Oh, and let’s not forget matters of theft! Cooks messing up orders purposefully and then eating the waste. Servers “forgetting” to write up an order correctly and pocketing the money. Money mysteriously disappearing from the till.

If they sidestep the complications and woes of hiring a full staff and intend to do most of the work themselves, then they can expect to spend just about every waking moment in the restaurant. No, I am not exaggerating. Even with employees, we typically entered our café at five in the morning and did not leave until ten at night. There was prep work and paperwork and accounting and cleanup and, oh yeah, the rather minor tasks of cooking food and serving customers. When I left the restaurant during daylight hours, it was to make purchases for the restaurant.
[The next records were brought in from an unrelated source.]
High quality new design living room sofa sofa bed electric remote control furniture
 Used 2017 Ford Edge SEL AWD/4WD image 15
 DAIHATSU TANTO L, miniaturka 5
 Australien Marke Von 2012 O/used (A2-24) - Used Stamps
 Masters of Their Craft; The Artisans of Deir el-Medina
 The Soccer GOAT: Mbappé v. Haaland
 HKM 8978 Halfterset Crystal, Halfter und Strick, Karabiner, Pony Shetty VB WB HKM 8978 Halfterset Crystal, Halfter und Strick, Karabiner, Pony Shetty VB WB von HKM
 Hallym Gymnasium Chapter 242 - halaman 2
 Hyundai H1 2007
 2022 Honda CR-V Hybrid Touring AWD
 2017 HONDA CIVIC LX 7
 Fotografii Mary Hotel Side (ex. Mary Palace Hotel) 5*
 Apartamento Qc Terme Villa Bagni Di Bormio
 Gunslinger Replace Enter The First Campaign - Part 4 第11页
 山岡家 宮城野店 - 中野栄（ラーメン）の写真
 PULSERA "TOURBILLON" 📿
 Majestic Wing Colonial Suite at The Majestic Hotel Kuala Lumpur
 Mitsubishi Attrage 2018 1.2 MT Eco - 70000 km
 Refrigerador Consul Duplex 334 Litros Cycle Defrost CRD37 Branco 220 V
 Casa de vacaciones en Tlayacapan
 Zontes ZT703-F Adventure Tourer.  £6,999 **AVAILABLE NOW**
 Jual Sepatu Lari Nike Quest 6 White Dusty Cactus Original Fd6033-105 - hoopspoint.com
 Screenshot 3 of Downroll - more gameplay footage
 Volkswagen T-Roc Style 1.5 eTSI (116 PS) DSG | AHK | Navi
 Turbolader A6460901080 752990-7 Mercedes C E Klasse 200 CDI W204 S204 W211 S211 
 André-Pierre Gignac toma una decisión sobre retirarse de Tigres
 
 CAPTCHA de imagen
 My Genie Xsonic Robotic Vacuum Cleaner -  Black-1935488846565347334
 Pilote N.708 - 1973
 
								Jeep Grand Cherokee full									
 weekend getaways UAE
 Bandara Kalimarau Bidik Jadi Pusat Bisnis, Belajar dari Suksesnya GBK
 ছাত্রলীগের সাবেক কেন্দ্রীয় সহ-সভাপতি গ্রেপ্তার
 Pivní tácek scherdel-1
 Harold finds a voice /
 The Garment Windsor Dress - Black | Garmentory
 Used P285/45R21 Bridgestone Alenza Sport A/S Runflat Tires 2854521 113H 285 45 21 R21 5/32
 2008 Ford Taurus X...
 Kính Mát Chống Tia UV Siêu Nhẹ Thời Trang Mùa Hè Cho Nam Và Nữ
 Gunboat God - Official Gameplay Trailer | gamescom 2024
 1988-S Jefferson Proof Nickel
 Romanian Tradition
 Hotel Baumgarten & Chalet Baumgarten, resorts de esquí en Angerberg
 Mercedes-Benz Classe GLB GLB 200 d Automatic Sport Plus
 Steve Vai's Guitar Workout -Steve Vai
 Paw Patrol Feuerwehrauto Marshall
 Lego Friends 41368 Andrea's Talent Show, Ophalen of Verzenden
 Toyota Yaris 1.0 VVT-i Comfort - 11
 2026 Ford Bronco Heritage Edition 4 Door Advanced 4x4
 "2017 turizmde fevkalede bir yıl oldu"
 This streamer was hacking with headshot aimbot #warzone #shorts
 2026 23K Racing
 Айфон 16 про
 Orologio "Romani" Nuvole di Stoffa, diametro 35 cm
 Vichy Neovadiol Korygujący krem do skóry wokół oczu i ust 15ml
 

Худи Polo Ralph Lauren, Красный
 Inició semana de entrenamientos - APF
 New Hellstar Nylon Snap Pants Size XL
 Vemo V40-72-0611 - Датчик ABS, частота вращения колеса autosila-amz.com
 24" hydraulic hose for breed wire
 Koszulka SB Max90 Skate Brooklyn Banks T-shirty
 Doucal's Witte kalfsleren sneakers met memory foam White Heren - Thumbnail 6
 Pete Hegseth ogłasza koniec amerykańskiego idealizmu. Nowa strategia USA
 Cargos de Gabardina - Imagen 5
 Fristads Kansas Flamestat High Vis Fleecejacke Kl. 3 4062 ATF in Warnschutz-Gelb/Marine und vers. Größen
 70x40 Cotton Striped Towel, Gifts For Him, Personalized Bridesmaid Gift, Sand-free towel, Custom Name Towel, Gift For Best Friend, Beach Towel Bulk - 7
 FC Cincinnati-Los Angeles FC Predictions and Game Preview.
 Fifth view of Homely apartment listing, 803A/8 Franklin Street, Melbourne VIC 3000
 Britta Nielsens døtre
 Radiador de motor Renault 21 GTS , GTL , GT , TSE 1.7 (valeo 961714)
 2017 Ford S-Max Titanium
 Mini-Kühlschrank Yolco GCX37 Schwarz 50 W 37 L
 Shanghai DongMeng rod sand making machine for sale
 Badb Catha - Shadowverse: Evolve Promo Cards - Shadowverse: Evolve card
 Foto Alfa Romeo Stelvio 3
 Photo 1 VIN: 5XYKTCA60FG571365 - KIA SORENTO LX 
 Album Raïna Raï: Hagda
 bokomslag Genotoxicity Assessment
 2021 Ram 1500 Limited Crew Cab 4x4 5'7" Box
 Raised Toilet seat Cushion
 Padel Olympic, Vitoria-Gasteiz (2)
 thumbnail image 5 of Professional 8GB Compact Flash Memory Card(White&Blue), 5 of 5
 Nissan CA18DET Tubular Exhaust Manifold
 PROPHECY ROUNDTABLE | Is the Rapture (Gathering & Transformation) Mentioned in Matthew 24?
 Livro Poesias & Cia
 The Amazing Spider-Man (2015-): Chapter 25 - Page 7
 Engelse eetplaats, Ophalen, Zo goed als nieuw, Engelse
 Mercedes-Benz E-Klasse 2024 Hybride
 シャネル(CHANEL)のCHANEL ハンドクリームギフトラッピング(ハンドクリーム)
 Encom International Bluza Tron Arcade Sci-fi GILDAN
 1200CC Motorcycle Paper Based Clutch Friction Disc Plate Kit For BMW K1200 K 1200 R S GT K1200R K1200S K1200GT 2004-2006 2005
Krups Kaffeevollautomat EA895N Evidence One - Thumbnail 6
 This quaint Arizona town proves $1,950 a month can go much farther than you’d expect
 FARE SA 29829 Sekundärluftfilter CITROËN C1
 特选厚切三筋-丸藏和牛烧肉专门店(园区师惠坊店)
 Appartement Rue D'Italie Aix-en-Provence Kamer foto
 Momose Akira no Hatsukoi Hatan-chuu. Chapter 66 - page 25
It is a huge, huge undertaking. If you don’t have prior experience, it’s positively nightmarish. If it is not your psychotically obsessive passion, you’re very likely to be dissatisfied. If you’re working with family members or a romantic partner, you may hate one another by the time you’re done. It’s something I’ve considered getting back into, as I think a lot of my own dissatisfaction came from working with family and being a bit young for the responsibility, but even I recognize how shaky the business is and how demanding it is on your mind and body.

Your friends are in for a very rude awakening.

I hear Gordon Ramsay remark on Kitchen Nightmares that every Tom Dick and Harry seems to get inheritance money and decides to open a restaurant. It’s the business equivalent of getting old and retiring in Florida. I’d say they use the money to pad their savings and he take the newfound security to take a job he enjoys, like being a chef. Less risk and you still get to cook.

In this economy, I’d be very, very wary of trying to start up any new business, as FoieGrasIsEvil said, especially something that is a pure luxury. The other posters have pointed out some other dreadful flaws in Joe’s business plan, so I won’t repeat them.

Maybe Joe could become a caterer. Of course, then he couldn’t buy that “perfect” building. And, of course, he would still have to build a customer base.

I think that this is an incredibly bad idea. I also think that Joe and his wife are not gonna listen to any common sense, no matter who offers it.

I got my friend Kevin hired, with no experience, at the restaurant where I cooked. He was all excited and told everyone he wanted to go to culinary school and open his own restaurant. The whole kitchen line started laughing and my boss said “oh, we’ll fix that.”

Show them this.

My advice is that they should buy a boat. They’ll lose just as much money but have a helluva lot better time doing it.

I’m neither a restaurant owner nor manager, but I own a small business.

I opened the business somewhat undercapitalized, but with over 20 years of industry experience, a solid business plan, and well researched location (leased - if they can buy this stone building and still have enough left to set it up as a restaurant how can it possibly be worth having?). Things were going pretty well until the economy went south.

Perhaps you could gently suggest to them that they could wait a little while until the economy is a little better. If they open a restaurant now and fail due to external forces they’ll have severly limited their capacity to ressurect their dream and try again.

Dining out is a non-essential service. Everyone in the business groups I meet with who owns a restaurant is hurting right now. Maybe there’s someone in a local or nearby Chamber of Commerce who’s willing to talk them through some of the harsher realities, such as energy bills doubling on one year, the increasing cost of food, etc. Have they thought what it will cost to heat/cool this 200 year old stone building? I like quaint and charming probably even more than the next guy, but it it’s uncomfortable I’m not going back regardless of how yummy the food is.